A magistrada reconheceu que uma das passageiras foi impedida de embarcar de Manaus com destino a Curitiba, por erro no preenchimento de seu nome no bilhete eletrônico emitido pela agência. O equívoco impediu a autora de embarcar com seu marido e sua filha menor de idade, o que gerou, segundo a sentença, um desdobramento de transtornos agravados pela ausência de suporte adequado por parte da companhia aérea.
Após o erro, a agência enviou por pix o valor de R$ 2.493,07 para que a autora comprasse nova passagem no mesmo voo. No entanto, a passagem foi emitida com destino final equivocado (Florianópolis ao invés de Curitiba), o que obrigou a consumidora a permanecer no Aeroporto de Guarulhos enquanto o marido e a filha seguiram viagem. A Gol apenas a realocou para novo voo no dia seguinte, sem prestar assistência material, como traslado ou hospedagem, conforme exige a Resolução nº 400/2016 da ANAC.
Cadeia de consumo e responsabilidade solidária
As rés alegaram ilegitimidade passiva, cada qual responsabilizando a outra pela falha. Contudo, a juíza rejeitou as preliminares com base na teoria da responsabilidade objetiva do Código de Defesa do Consumidor (art. 14 do CDC) e na teoria do risco do empreendimento (art. 927 do Código Civil). Ambas se beneficiam economicamente da atividade e, por isso, devem responder pelos danos dela decorrentes, definiu a Juíza.

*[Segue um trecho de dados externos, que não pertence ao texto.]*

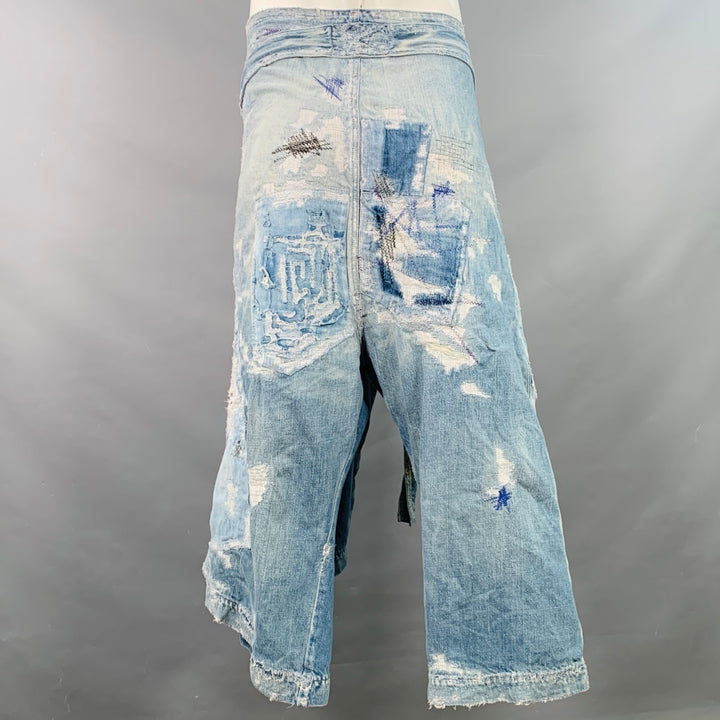 KAPITAL KOUNTRY Size L Crash Reissue Blue White Distressed Cotton Drop-Crotch Casual Pants
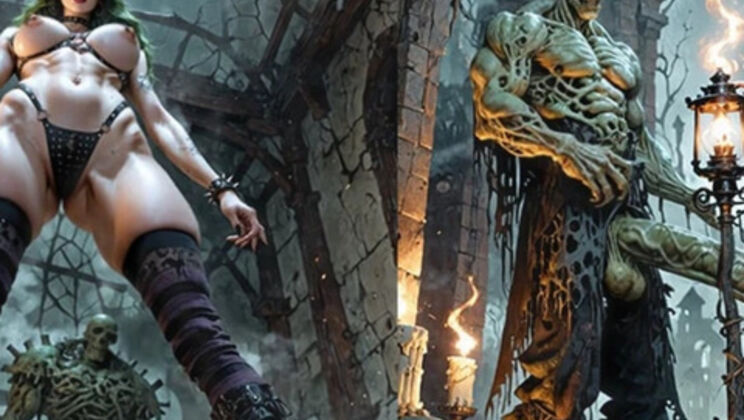 AI Dungeon Sluts 57: Kleio Fucked By Moss Monster With AI Voice - Big Cock Blowjob & Deep Throat Teen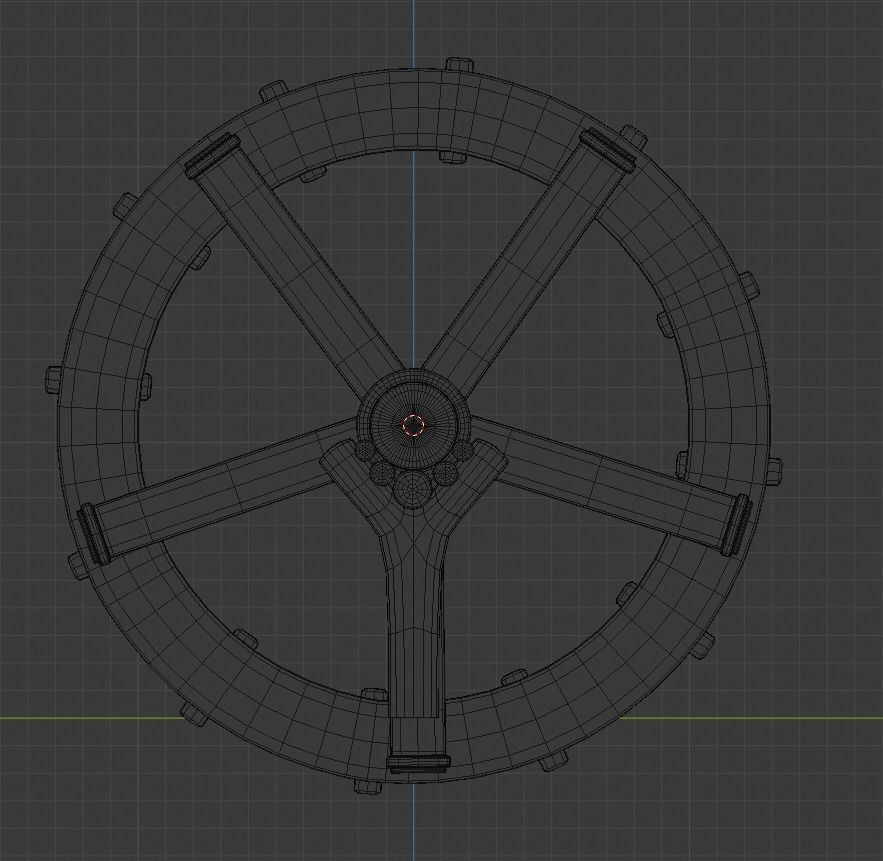 Water wheel Wooden oldstyle Free 3D model_7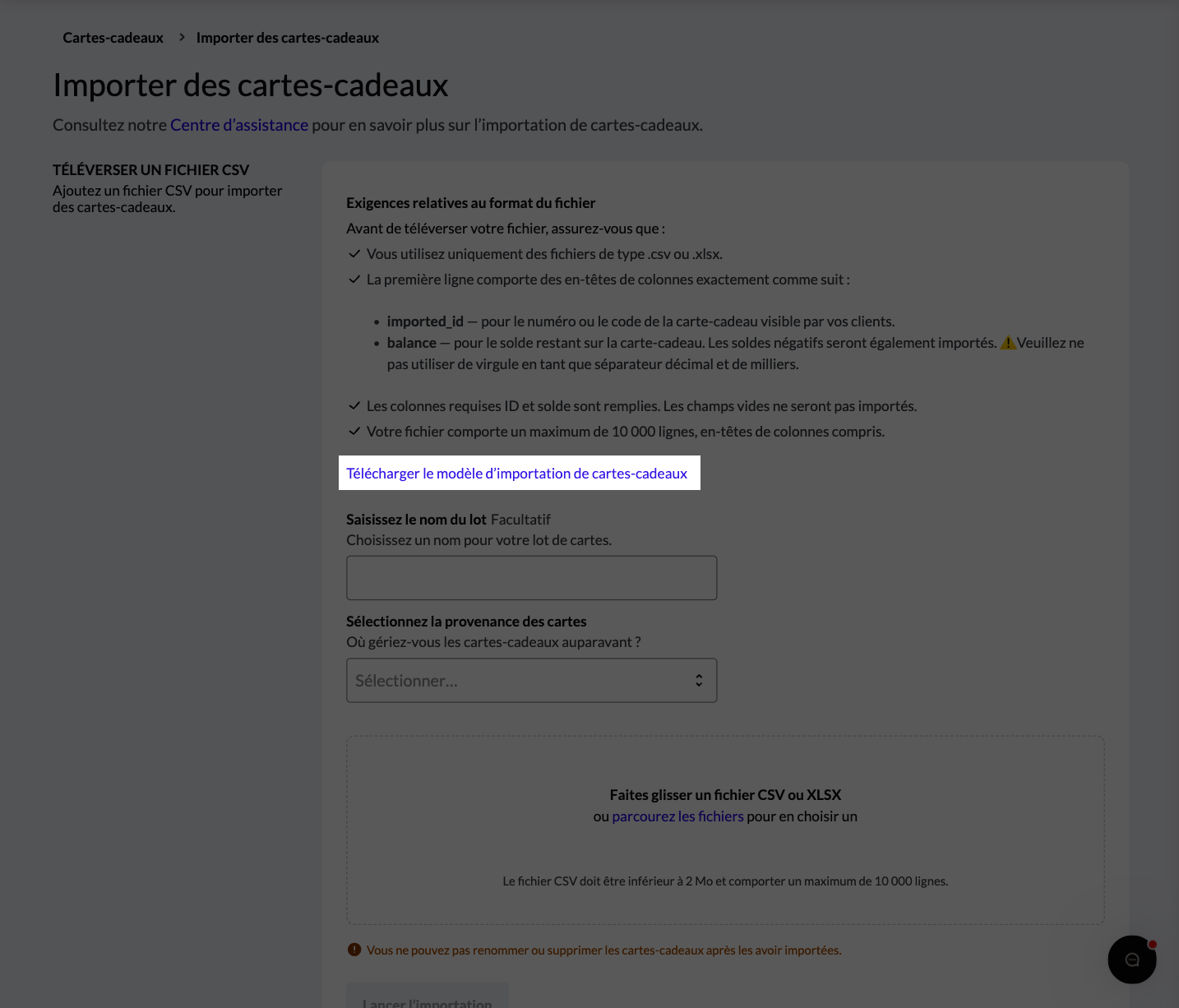 Le lien 'Télécharger le modèle d'importation de cartes-cadeaux' mis en surbrillance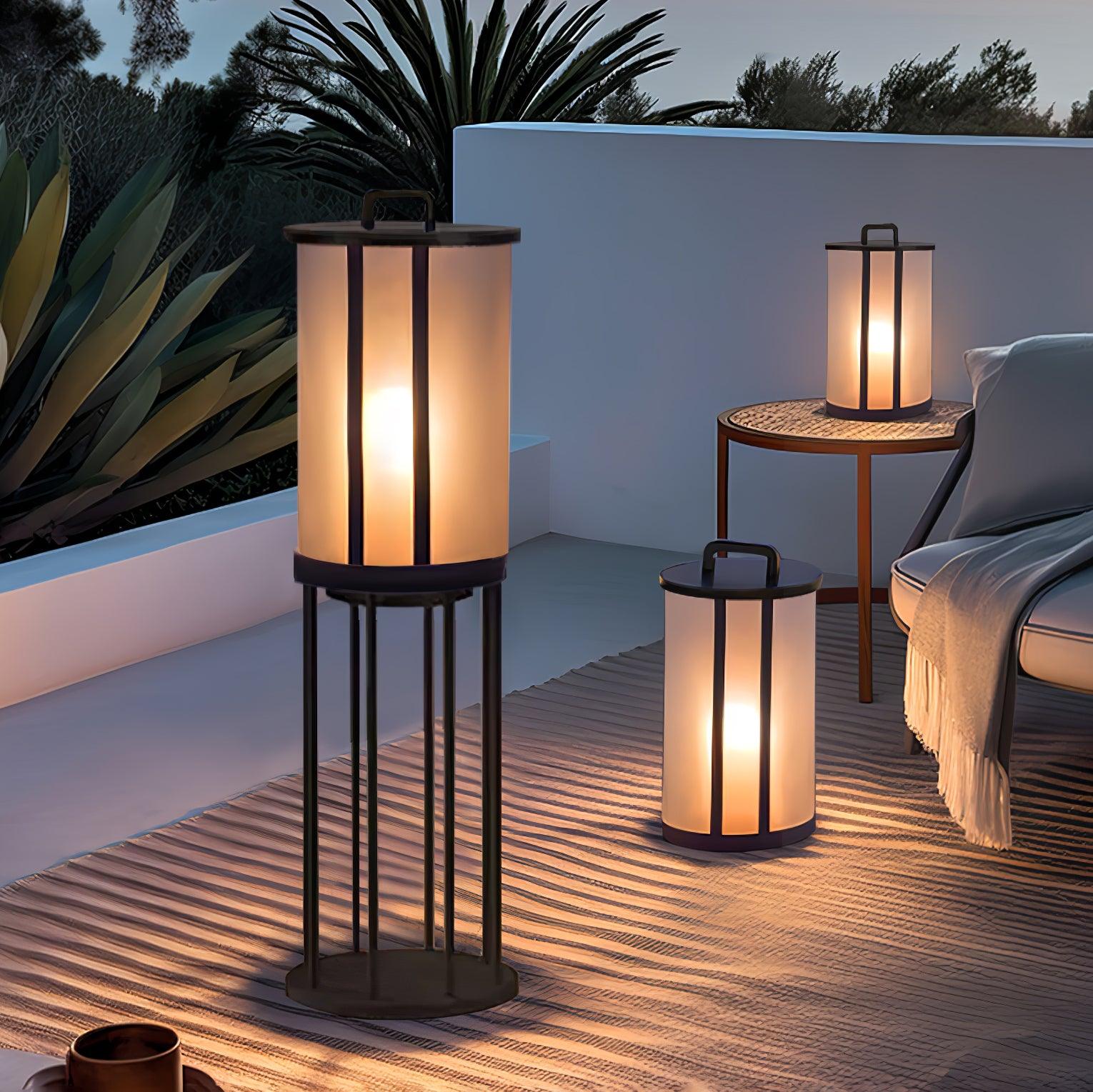 Modern Round Pillar Acrylic Lantern Outdoor Landscape Light for Garden and Pathway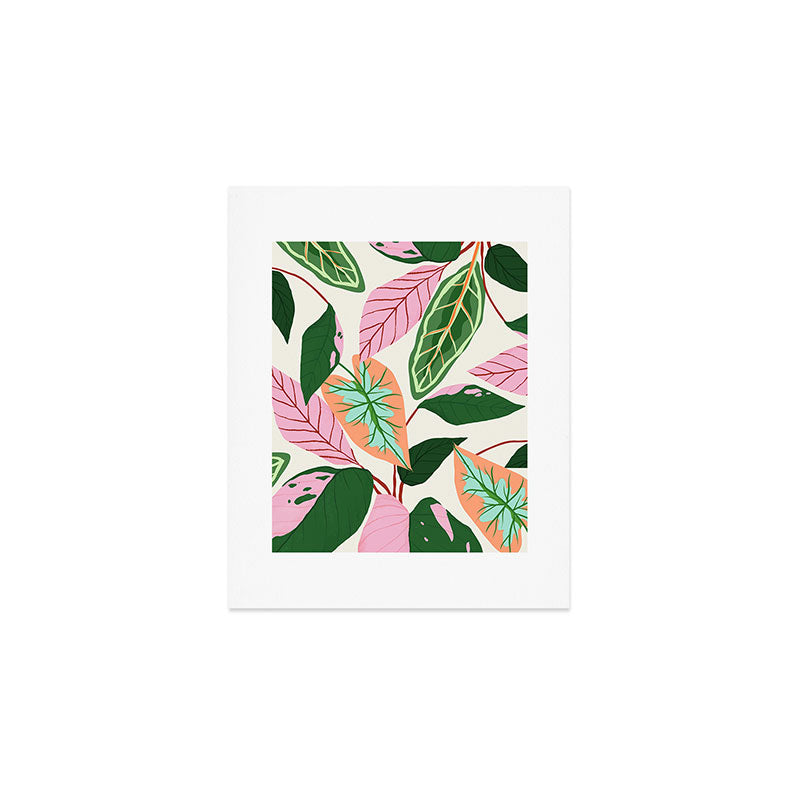 The Inseparable V.01, Nature Botanical Plants, Blush Leaves Modern Boho, Pastel Illustration Garden Art Print Gallery Image 1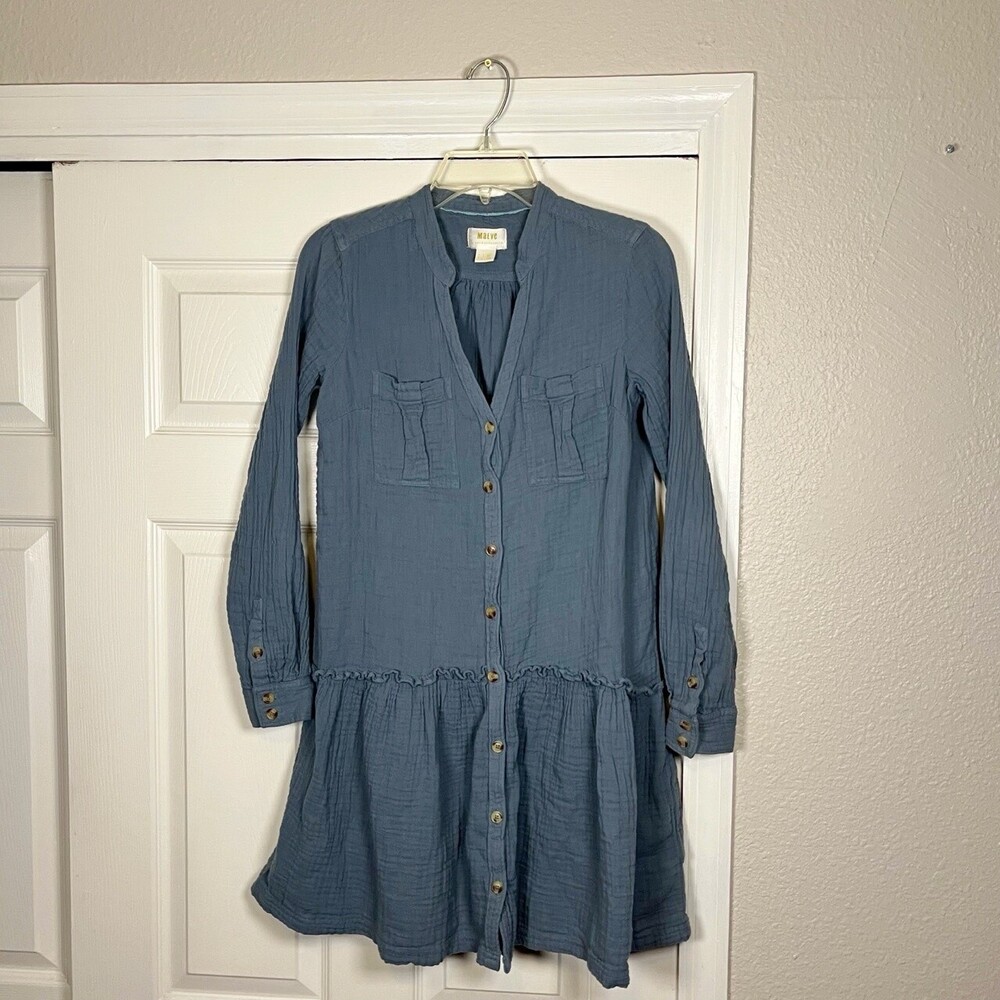 Anthropologie Maeve Dress Womens Long Sleeve Button Up Ruffle Tiered Baggy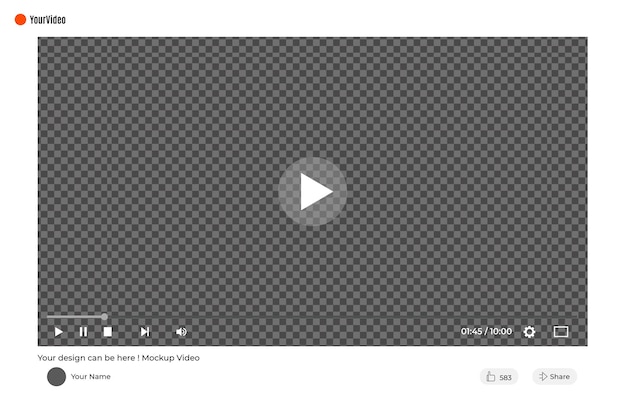 Mockup di un video player su un sito web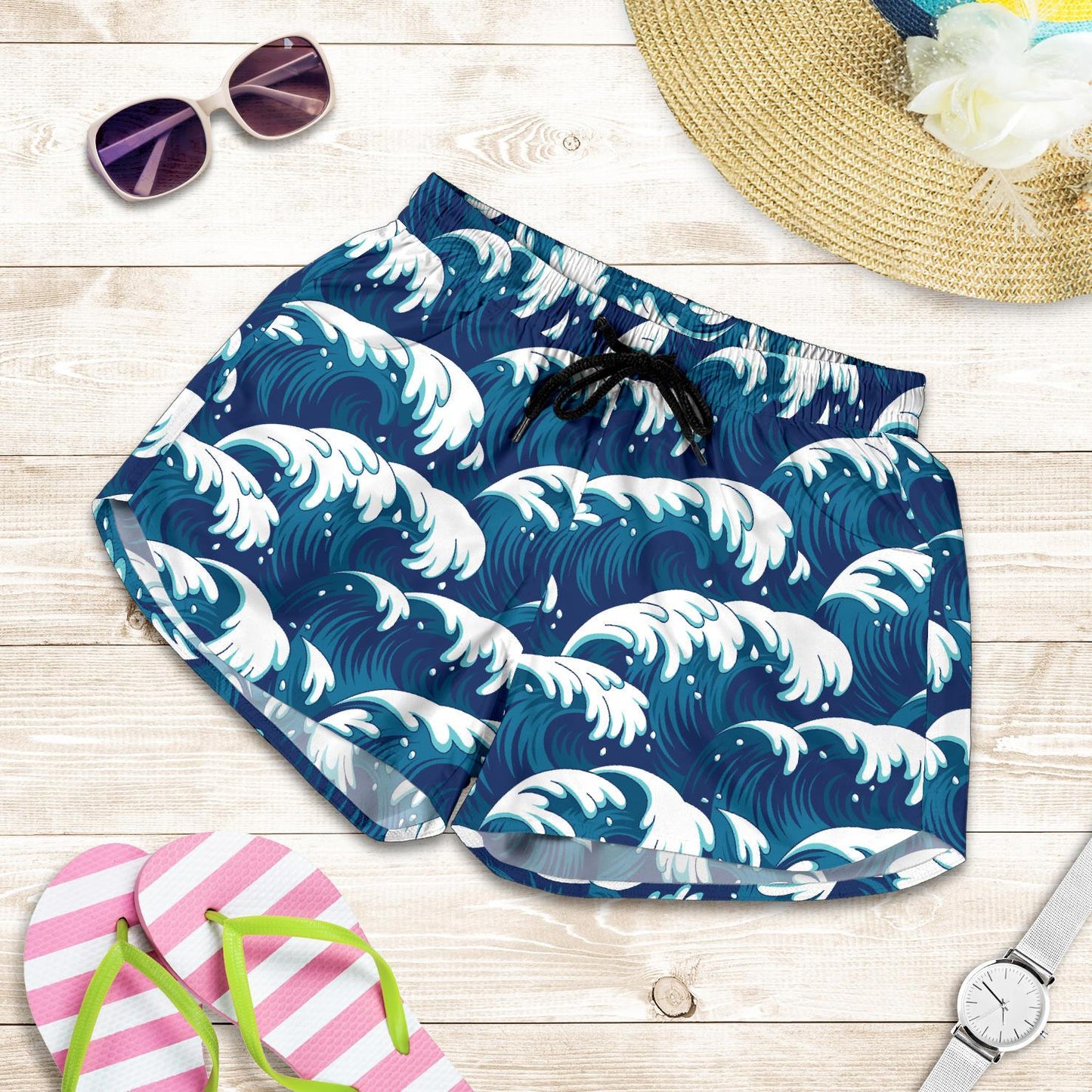 Ocean Wave Pattern Print Women Shorts-JTAMIGO.COM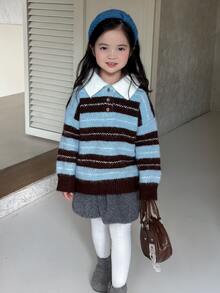Dazy Kids Young Girl Striped Polo Collar Dropped Shoulder Long Sleeve Casual Sweater - Brown - View 5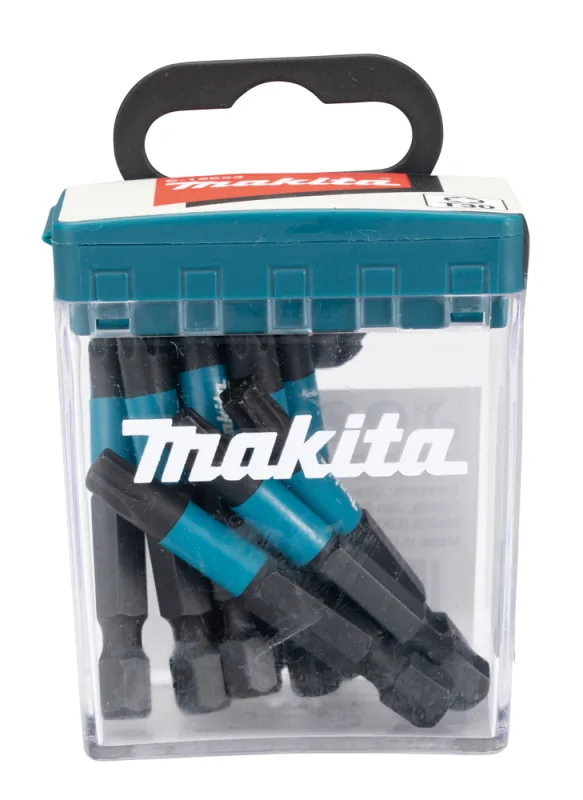 Juego de puntas T30 de impacto negro Makita E-12675, puntas de atornillar, ideal para tornillos de alto torque, con caja abatible E-Form, longitud 50 mm, 10 piezas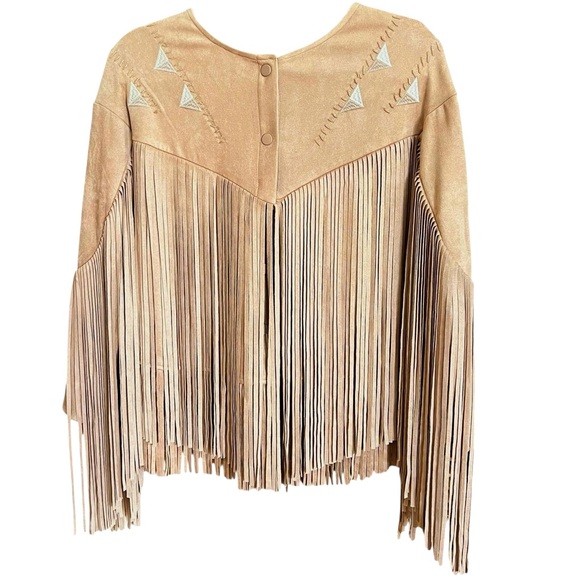 NEW blue b Light Brown Faux Suede Allover Fringe Embroidered Western Jacket S - Picture 2 of 5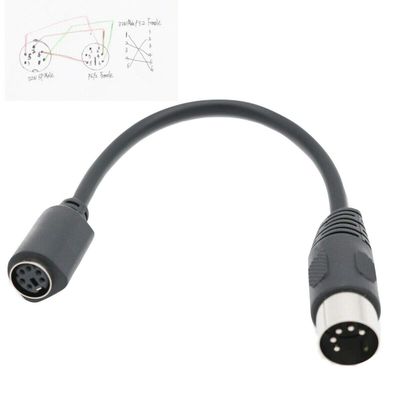 Connector and Terminal DIN5 at Male to Mini DIN6 MDIN6 PS/2 Female PC Mac Keyboard Adapter Converter 6"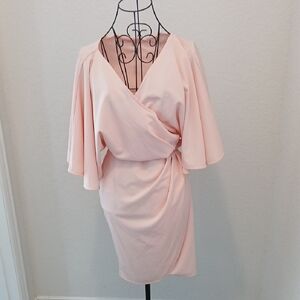 Elegant Pink Wrap Dress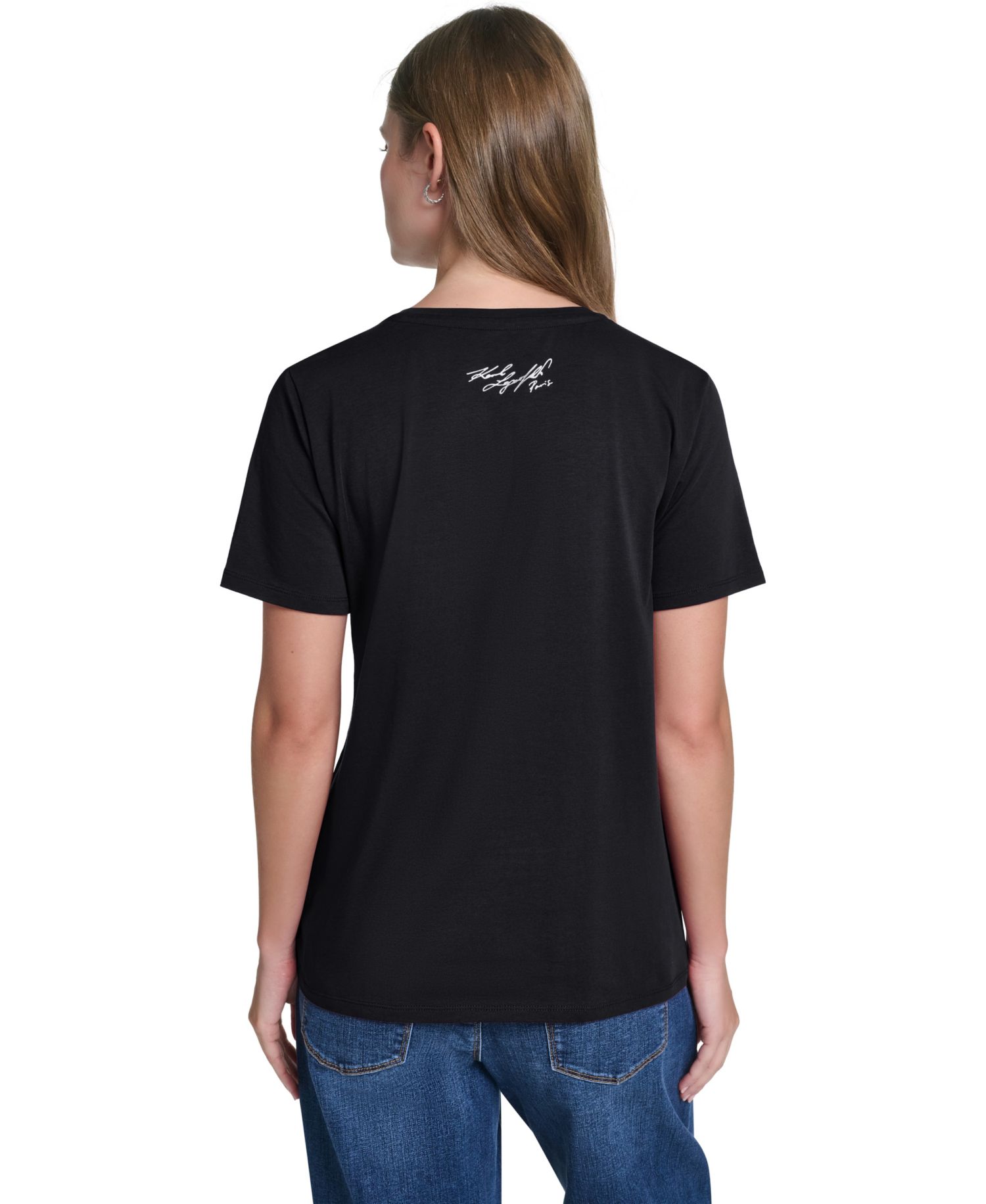 Women's Sparkle Paris Scene Crewneck Short-Sleeve T-Shirt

“Todos os participantes da cadeia produtiva respondem, solidariamente, pela falha na prestação dos serviços”, afirmou a magistrada, que destacou que, mesmo após o erro, nenhuma das empresas tomou providências eficazes para minimizar os danos causados à consumidora e sua família.
Dano moral in re ipsa
Na análise do mérito, a sentença reconheceu que os fatos narrados configuram dano moral in re ipsa, ou seja, presumido diante da violação de direitos da personalidade — como o direito à dignidade, ao planejamento familiar e à tranquilidade da viagem. A decisão observou, ainda, o critério bifásico de fixação do quantum indenizatório, estabelecendo o valor de R$ 5 mil para cada autor (a mãe, o pai e a filha), totalizando R$ 15 mil.
A juíza também enfatizou que as empresas não comprovaram ter oferecido as alternativas previstas pela ANAC para passageiros em casos de atraso ou reacomodação, especialmente quando há pernoite, o que reforçou a caracterização da falha na prestação do serviço.
Responsabilidade civil no transporte aéreo
A sentença reflete entendimento consolidado nos tribunais pátrios quanto à responsabilidade das companhias aéreas e agências de turismo por falhas na emissão de passagens, atrasos e assistência deficiente. Ao aplicar precedentes dos Tribunais de Justiça do Paraná, Rio de Janeiro, Minas Gerais e Rio Grande do Sul, a decisão reafirma que a boa-fé objetiva e a confiança legítima do consumidor são princípios centrais na relação contratual de transporte aéreo.
A condenação solidária da Gol e da Vai Voando evidencia que lucro e risco caminham juntos no mercado de consumo. O fornecedor que opta por atuar no setor deve assumir os ônus da atividade — inclusive aqueles causados por parceiros comerciais —, garantindo a integridade da experiência do consumidor e o respeito à legislação consumerista.